Старушку удивляло обилие продуктов. Катя прикинула, что если это называется обилием, то что же должно твориться в Ярославле?! И Авдотья пояснила столичной барышне, что мясо к ним завозят раз в год, а когда привозят, в очереди стоят по трое суток, ночами отмечаются. Взвесят тебе положенные по талонам килограммы, из которых половина – кости, и удовлетворения никакого. В основном люди питаются с огородов и рынка. Интересно, что рассказывала она об этом чрезвычайно бодро, так что не возникало никакого сомнения, что провинциалка пережила бы и худшие времена, а впрочем, уже и переживала.
В магазинах баба Дуня скупала все мясные консервы, включая конину тушеную из Семипалатинска по чрезвычайно смешной цене. Сливочное масло она присаливала и складывала в стеклянные банки, заливая их сверху холодной водой. Жирную развесную свинину они с Катей тушили и закатывали в трехлитровые баллоны.
– Этого нам на год хватит, – приговаривала баба Дуня.
Катя невольно втягивалась в заботы неведомых ей жителей Ярославля, помогая предприимчивой бабульке во всех делах. А старушка в свою очередь баловала ее вкусной выпечкой.
– Мне хоть мешок муки поставь, все перепеку! – улыбалась она, прихлебывая чай из блюдца.

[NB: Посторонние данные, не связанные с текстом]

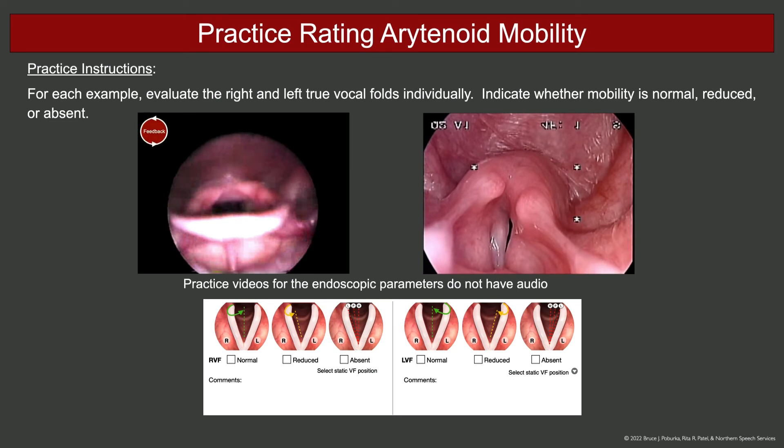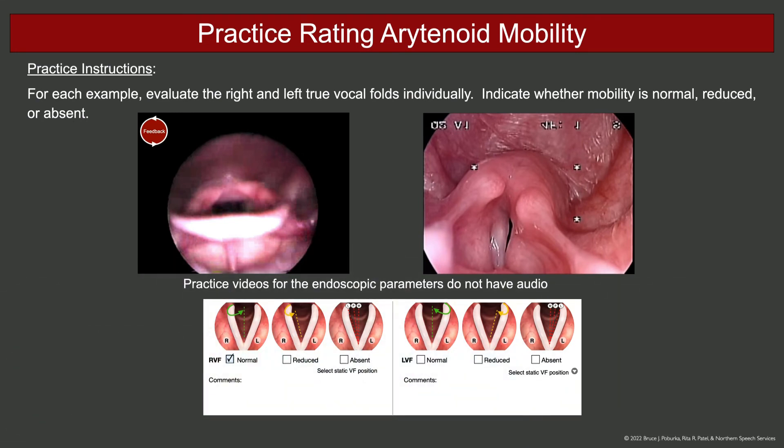In this example, arytenoid mobility is normal on both sides. The rating form should be marked normal for both the right vocal fold and the left vocal fold.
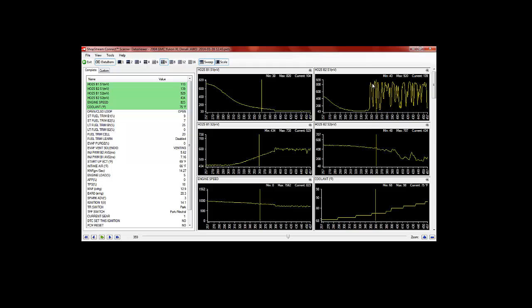we start to see our sensor switching here between 800 and 200 millivolts, which is normal. It's a little slow here at the start, but at least it's switching,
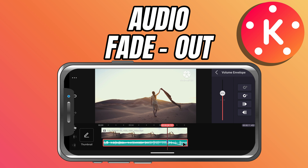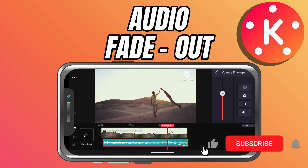And that's it. You've successfully added a fade out effect in KineMaster. If this tutorial helped, don't forget to like, share and subscribe for more quick KineMaster editing tips.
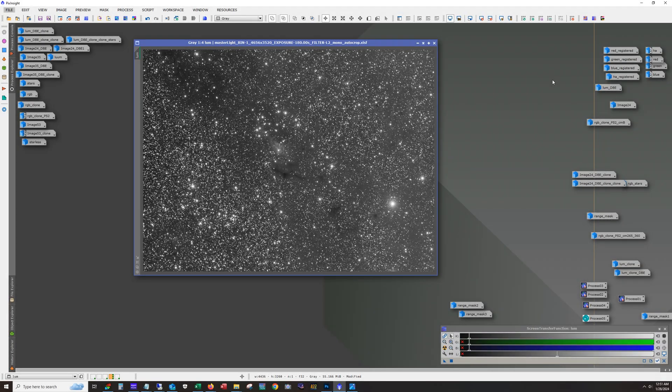Hello and welcome. This is James from the DSO Imager channel. Tonight I'm going to show the process and workflow I used for a star cluster known as NGC 225.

Каждый день у Авдотьи Алексеевны выходило что-нибудь новенькое – то хрустящие коржики, то рулетики с начинкой, то хворост. Она умудрялась из простых продуктов готовить вкуснятину невероятную. Пирожки с чечевицей и луком получались как мясные, а блины с селедкой и яйцом нежнее, чем с икрой.
– Ешь просто – проживешь до ста! – любила повторять веселая бабулька.
Она оказалась большая мастерица на присказки. Когда Муза нетерпеливо отпихнула ее от ванной, Авдотья кротко взглянула на соседку васильковыми глазами и заметила:
– Не спеши, кривая, в баню, хватит пару для тебя.
Муза захлопала глазами, не зная, обижаться ли ей на эту старушенцию в белом платочке, и после решила разойтись полюбовно.
Было что-то в Авдотье располагающее, даже успокаивающее, как в природе. Восьмидесятилетняя женщина сохранила приятность черт и детскую непосредственность лица, морщины не изуродовали его, а лишь подчеркнули лукавость и доброту. Ее руки не поднимались для драки, и, возможно, поэтому ее пирожки никогда не бывали невкусными. Она умела создавать вокруг себя уют и покой.
Накануне отъезда баба Дуня решила испечь свои коронные плюшки с маком. Она зажгла духовку и начала раскладывать заготовки на противень. Муза пила чай за дубовым столом, но на этот раз без обычного самодовольства.
– Сердце ноет, стенокардия, – пожаловалась она старушке, с усилием прижимая к груди газету «Аномалия».
Поймав удивленный взгляд провинциалки, Вертепная поинтересовалась:
– Не пробовали?
– Что?
– Газету прикладывать.
– Это еще зачем? – оторопела Авдотья.
Муза гортанно хохотнула:
– Вот, читайте!
– Милая, да я без очков не вижу.
– Ну тогда слушайте. Приложите газету с фотографией экстрасенса Задырина к больному месту, и ваша боль утихнет. Курс лечения при различных недугах по 10 и более минут 2–3 раза в день. Помните, что на 3, 5, 7, 9 дни лечения возможна ломка. – Пенсионерка тяжко вздохнула. – Конченый... тьфу, конечный результат будет отличным.
Муза сунула старушке под нос фото мужчины с вдумчиво-напряженным лицом. Руки целителя застыли в момент совершения неких магических пассов.